Pour ce faire, les collectivités locales et territoriales de Guadeloupe et Martinique doivent impérativement créer des agences économiques qui se multiplient en en France hexagonale notamment prendre exemple sur la région Occitanie.

L’Occitanie connaît une floraison d’agence d’attractivité et de développement économique, avec 4 structures créées en quelques mois. Plus souples que leurs devancières, plus ouvertes aux patrons, elles explorent de nouvelles façons d’agir face à la conjoncture incertaine.
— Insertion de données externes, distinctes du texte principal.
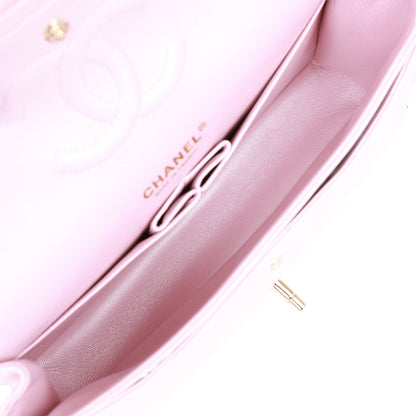 Chanel Medium Classic Double Flap Bag Pink Iridescent Lambskin Light Gold Hardware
Selon une récente étude du CNER (fédération des agences d’attractivité, de développement et d’innovation), le nombre d’agences économiques en France est en hausse constante, passant de 84 à plus de 100 structures entre 2017 et 2023. La Métropole toulousaine a été pionnière sur le sujet, en créant Invest in Toulouse dès 2013. Peu de personnes contestent qu’en exerçant ces fonctions le système financier joue un rôle moteur dans la croissance économique et le développement des échanges. Ce serait nier l’évidence. Ainsi, dans l’après-guerre, la croissance du crédit, plus rapide encore que celle prévue, a été une source d’amélioration des performances économiques des territoires d’outre-mer. Le rôle du système financier aux Antilles devrait être d’allouer le capital en transférant l’épargne abondante des ménages antillais vers les besoins de financement. C’est en cela que nous affirmons tout de go que l’ambition de changement des institutions politiques sans moyens financiers adéquats est un dangereux leurre !… L’homme politique antillais oscille toujours entre pessimisme et optimisme, entre le verre à moitié vide et celui à moitié plein, au gré de ses humeurs idéologiques. Jamais à court de paradoxes, les gourous du changement statutaire immédiatement ont détourné la phrase du révolutionnaire italien Antonio Gramsci, qui préconisait le pessimisme de l’intelligence (de la réflexion) allié à l’optimisme de la volonté (de l’action). Volontaires de la vision prospective, tentons donc d’imaginer 2024 comme porteuse de bonnes surprises.

« A pa makak ou ké aprann monté piébwa. »
(Ce n’est pas au singe que tu apprends à grimper aux arbres.)

Moralité
Ce n’est pas à quelqu’un d’expérimenté qu’on en apprend sur son domaine…

Jean marie Nol économiste et ancien directeur de banque.